If money is an issue maybe some people could offer to help get other people here if they have a little extra room. As far as camp site fees for those who would be staying at the campground, PM me and I can discretely see what I can figure out. The sites are huge and if need be some of us can double up. I know I would have space at my site if someone needs it. 
Pay it forward. Good way to live.


----------



## HemlockNailer (Dec 22, 2000)

Anish, if the dates work for me I'll be glad to help out.


----------



## Crappie 1 (Mar 15, 2011)

Anish, what do you do book a section? Or is there a group area? How do we get our site? I have a week May 21 st and a week July 20th that I can't make it. Other than that-Lets Go!!


----------



## mfs686 (Mar 15, 2007)

Toward the end of June works for me. I can bring cooking equipment (dutch ovens, turkey broiler and pot, portable grill) I can even do up a bunch of walleye wrapped in bacon and BBQ sauce, fish fry and dessert afterwards.


----------



## Anish (Mar 6, 2009)

Crappie 1 said:


> Anish, what do you do book a section? Or is there a group area? How do we get our site? I have a week May 21 st and a week July 20th that I can't make it. Other than that-Lets Go!!


OK, had to double check some of my facts before I went spouting information :lol:.
Here are the gory details about Reedsburg Dam State Campground:
-No entrance fee 
-Camp site is $15/night
-No vehicle permit required 
-42 sites (about 4-5 are tent only the rest can accomodate a camper)
-Boat access (no fee for launching )
-Vault toilets 
-Rustic
-First come first serve, no reservations
-Large picnic area, no charge 

So here's what I'm thinking. Obviously it's first come first serve so reservations are out. I would bet my last dollar that this is not going to be a problem. In all the years that I have been going here I have never seen this place even close to half full. Labor day weekend there were maybe 5 other families there. So, even if they took reservations I don't think we would need them. If it came down to it, I'm sure we could double up some people (1 familie per site or 4 unrelated people per site). If it really came down to it there are other campgrounds in the area that are not quite so rustic, also they are a little more expensive. I could NOT in a million years immagin that it would come to that though.

What I would like to do is have everybody be responsible for their own gear, food, beverage, site, etc. Kinda like camping together but seperate if that makes any sense? I have seen where there have been MS get togethers where money is put together and split and used in ways that others did'nt agree with. If we do it this way we can avoid all of that nonsense and focus on having a good time. As far as the boil goes, I'd like to do it kinda like a potluck type of idea. Everybody brings something and hopefully we will have people helping to trap "bugs" and cook them (hint hint, not just me cooking :lol. 

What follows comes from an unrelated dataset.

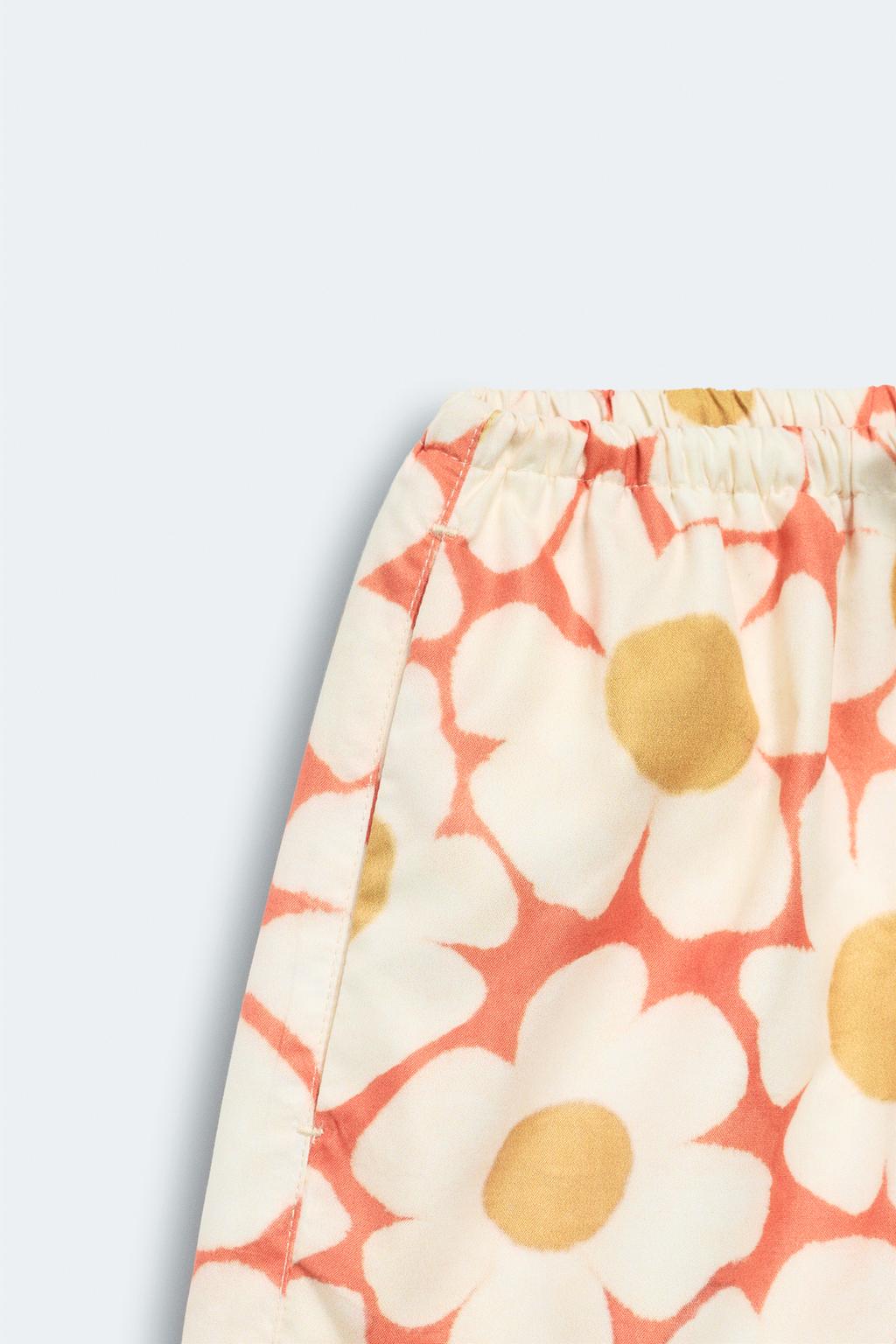 Плавки limited edition с цветочным узором 2-14 лет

I should expect that everybody would be responsible enough to clean up after themselves but, if not I hope to have at least a few people who would be willing to help keep an eye on the litter situation and if you see it, even if you didnt leave it there, pick it up. 

The picnic area is absolutely beautiful! It's a stretch of picnic sites that all kinda run together along the impoundment. There are picnic tables and park grills there too. There should be more than enough room for a good sized crowd if we even end up with that.

Since end of June was brought up, how does everybody feel about the end of June? June 17,18,19 would be good except for that is Fathers day weekend and the following weekend is the weekend befor the 4th of July. So what are anybody's thought on this?


----------



## Anish (Mar 6, 2009)

mfs686 said:


> Toward the end of June works for me. I can bring cooking equipment (dutch ovens, turkey broiler and pot, portable grill) I can even do up a bunch of walleye wrapped in bacon and BBQ sauce, fish fry and dessert afterwards.


Sounds great! Especially the Walleye wrapped in bacon and BBQ sauce!!! 
Fish fry and desert afterwards sounds great too, that would keep our guests that are not fans of the bug from starving :lol:.

This is starting to look good everybody! Even if this is a small crowd this year we can build it bigger and better for years to come!


----------



## Putman Lake Campground (Oct 4, 2010)

Anish said:


> There you go fishing for business again :lol::lol::lol:!
> No, I'm just messing with you :lol:. Whatever anybody else wants to do is fine with me. The only reason I had suggested Reedsburg is because I know it like the back of my hand, but I'm game for anything.
> 
> Once we figure our a core group of people who are definitely in, I say we put it to a vote.



That makes sense to me. As much as I love these things, from snow melt to snow fall (even during the winter, to a point) it's hard for me to get away from here. 

Of course that has it's benefits too, in that I"m more apt to be a lot more flexible on working with folks (costs etc, amenities) so I can attend  I've always wanted to do a Crawfish bake since I was a kid. and just never got around to it.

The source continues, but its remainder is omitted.